The Politburo said there were “a lot of difficulties with certain enterprises and the emergence of risks accumulated over long periods of time.”
“We need to attach great importance to this situation and be more forward-looking to respond in a timely manner,” the statement said.
“We have to enhance reform and opening up to focus on core problems with targeted solutions ... We must get our own things done and firmly seek high-quality growth."
Officials have already tried a handful accommodative policies, ranging from tax cuts to regulatory support, rather than loading up the ole' fiscal cannon as seen in prior slowdowns. Bloomberg notes that investors seem unpersuaded by the drip-feed approach with the yuan near decade lows and regional stock markets in correction territories to soon bear markets.
"Accepting slower growth has long been a challenge for Beijing, but now the rate of slowdown is firmly out of the comfort zone," Katrina Ell, an economist at Moody's Analytics in Sydney, told Bloomberg. "In recent years the balancing act has been addressing risks in the financial system against pressure to stabilize economic growth. It appears the latter is again more of a priority."
"Manufacturing growth slowed to the lowest level in more than two years, and while economists had seen further tax cuts coming, few had predicted bigger stimulus for now. An export sub-gauge fell deeper into contraction territory, suggesting that an earlier export rush to beat US tariff deadlines will fade sharply.
The US is preparing to announce by early December tariffs on all remaining imports from China if talks next month between presidents Donald Trump and Xi Jinping fail to ease the trade war. An increase in the tariffs already in effect on US$200 billion of Chinese imports scheduled for January would provide a stiff test to many exporters and could quicken the shifting of global supply chains," reported Bloomberg.
In the overnight session on Tuesday, a series of trade data releases suggested that the global economy was headed for economic turbulence in the coming months. Industrial output for September in South Korea and Japan missed estimates, as did third-quarter output in Taiwan.
"The spring of 2019 will be the real difficult time for China as multiple factors such as trade tension, slower sales of durable goods and the end of a property boom in lower-tier cities weigh on growth," Lu Ting, chief China economist at Nomura International Ltd. in Hong Kong, said after the announcement. "It'll be a test if China can sustain growth of around 6.5%. Policymakers are likely to further cut taxes and ease property purchase controls in bigger cities to lift the economy."
The government and central bank have introduced several stabilizing measures, adding to steps to boost liquidity in the financial system, tax deductions for households and targeted measures aimed at helping exporter. However, those countercyclical buffers have yet to have much effect.
George Magnus, an economist at Oxford University's China Cent, told Bloomberg if the new stimulus measures accelerate China's debt load, then the communist party could face backlash and have unintended consequences so late in the cycle.

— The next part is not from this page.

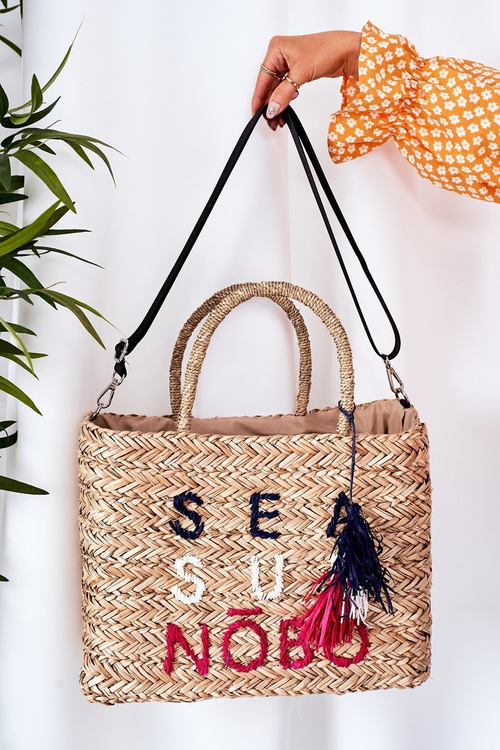 Braided Shopper Beach Bag NOBO XK00410 Beige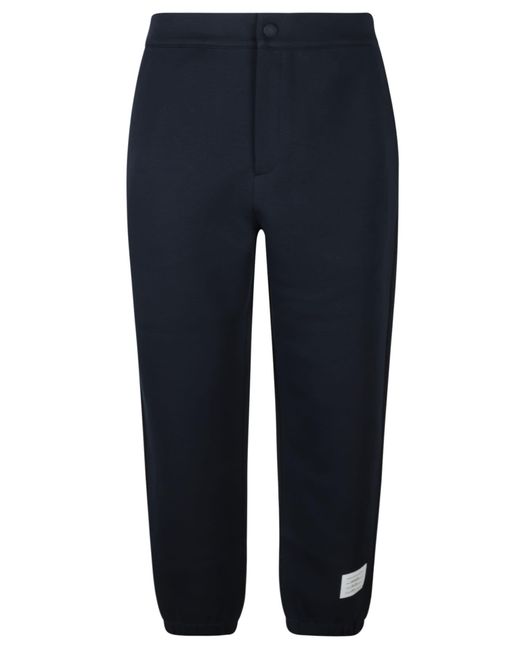 Thom Browne Blue Logo Patched Straight Leg Track Pants for men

"It was always the case that the acid test of the government's resolve to deleverage would be its nerve if the economy started to falter," he said. "Which it is."
Next year could be rough for China as it now prepares for economic turmoil thanks to the trade war. As for the U.S., the reason is apparent why October was one of the worst selloffs in the stock market in quite some time: Wall Street finally figured out that after all the front-loading
Trump's economic miracle, global growth is about to drop off rather abruptly and usher in a possible worldwide recession.